## [DATA EXTRACT]
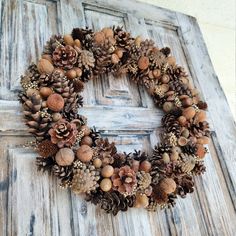 a wreath made out of pine cones and acorns on an old wooden door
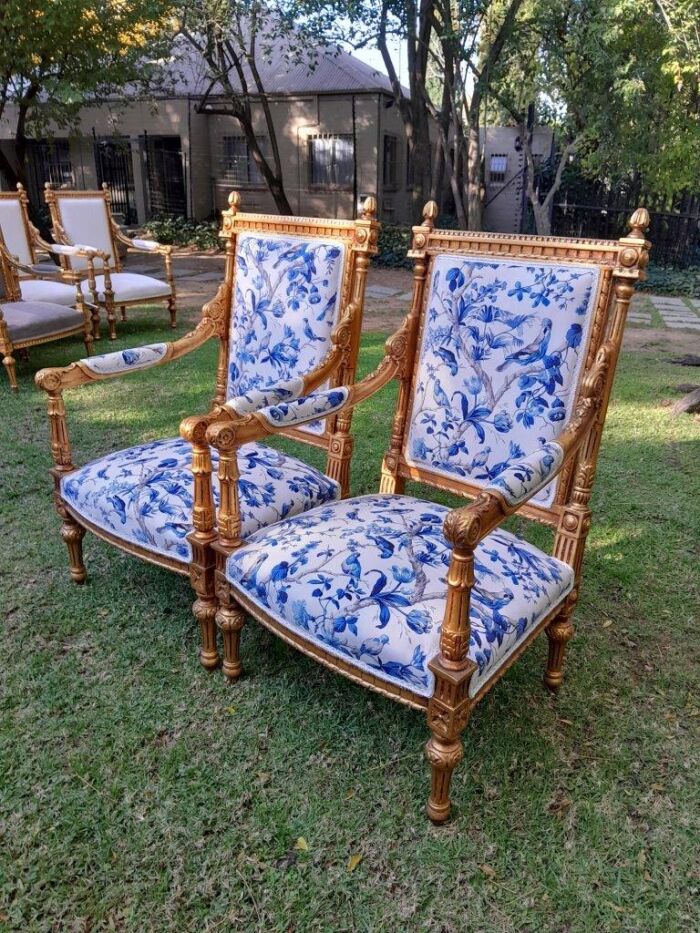 A Pair of French Style Ornately Carved Giltwood Arm Chairs - Image 10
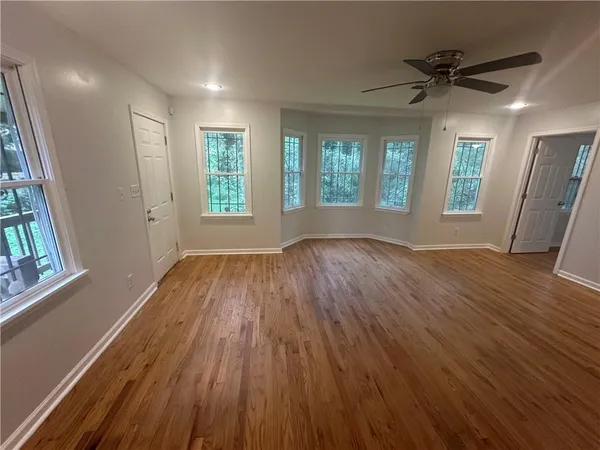an empty room with wooden floor and windows
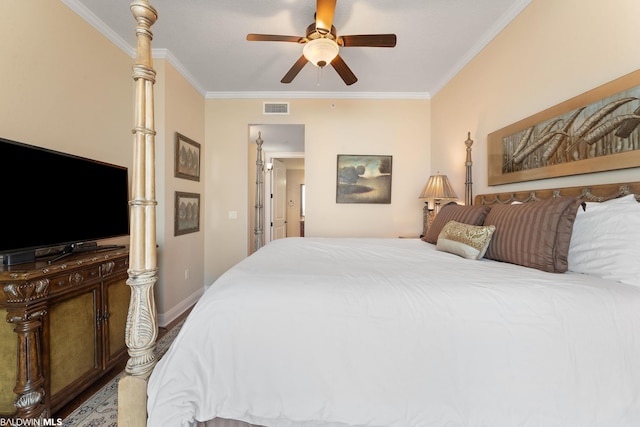 bedroom with ceiling fan and crown molding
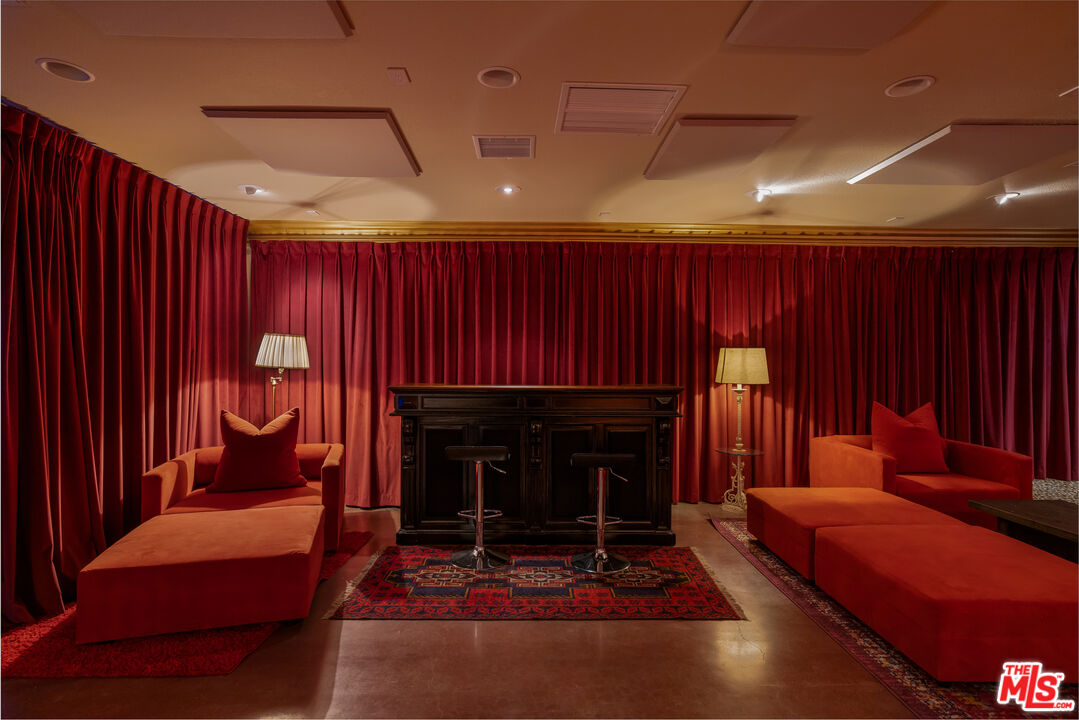 64425 Carot Road Joshua Tree, CA 92252 - Photo 40 of 73 a living room with furniture a fireplace and a projector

## [REQUIRED WORK]
Keep every word of the lines above unchanged in the copy, and omit the pictures.

## [ANSWER TO THE EXERCISE]
 a wreath made out of pine cones and acorns on an old wooden door
 A Pair of French Style Ornately Carved Giltwood Arm Chairs - Image 10
an empty room with wooden floor and windows
 bedroom with ceiling fan and crown molding
 64425 Carot Road Joshua Tree, CA 92252 - Photo 40 of 73 a living room with furniture a fireplace and a projector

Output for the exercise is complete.